Zac Purchase and Mark Hunter won gold in the lightweight double sculls yesterday as Great Britain enjoyed their most successful Olympic regatta for a century and finished top of the rowing medals table. Their final tally of two golds, two silver and two bronze – which saw them finish above Australia – was completed on a dramatic day of contrasting emotions.
Purchase and Hunter ended their unbeaten season with Britain's first British Olympic lightweight medal. They were briefly led by the Italians, but commanded their own fate as usual, from the front with focus and panache. Purchase didn't have to draw his partner's attention to anything during the race. "The only call I remember making was at about 400 metres to go I shouted 'Gold'," he said. At the end, said Hunter, "Everything was burning and I was in a dark place, but I came out the other side of it smiling."

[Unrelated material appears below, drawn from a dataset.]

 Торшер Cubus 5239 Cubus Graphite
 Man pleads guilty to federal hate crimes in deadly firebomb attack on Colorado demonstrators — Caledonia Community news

At the other end of the emotional spectrum, China won their first rowing medal yesterday, leaving the British women's quad dead in the water. Katherine Grainger drove her crew into the lead and controlled the race, the Chinese on one side and the Germans on the other, until the last 300 metres. Every move the Chinese made was answered until this point, but then the British crew was drained of its last drop of adrenaline.
Of the dozen British boats, the women's quad carried the most fervent hope of gold. Many would have sacrificed all the other medals for the first gold for a British women's crew. For Annie Vernon, Debbie Flood, Fran Houghton and Katherine Grainger, this was a gold medal lost, not a silver medal gained. They stayed on the water motionless, physically shattered and emotionally crumpled.
Sydney eight years ago and Athens four years ago had the same result for the quad, except that both occasions were joyous. Grainger won her first silver in the Sydney quad and her second in a pair in Athens. The third makes her the only British woman across Olympic sports to win medals at three consecutive games. "We think she's the best in the world," said her mother Liz at the emotional family reunion, "but silvers don't get any better." Her daughter faced the press bravely: "I'm really proud of what I've done. I'm just disappointed with the medal we got, that's all.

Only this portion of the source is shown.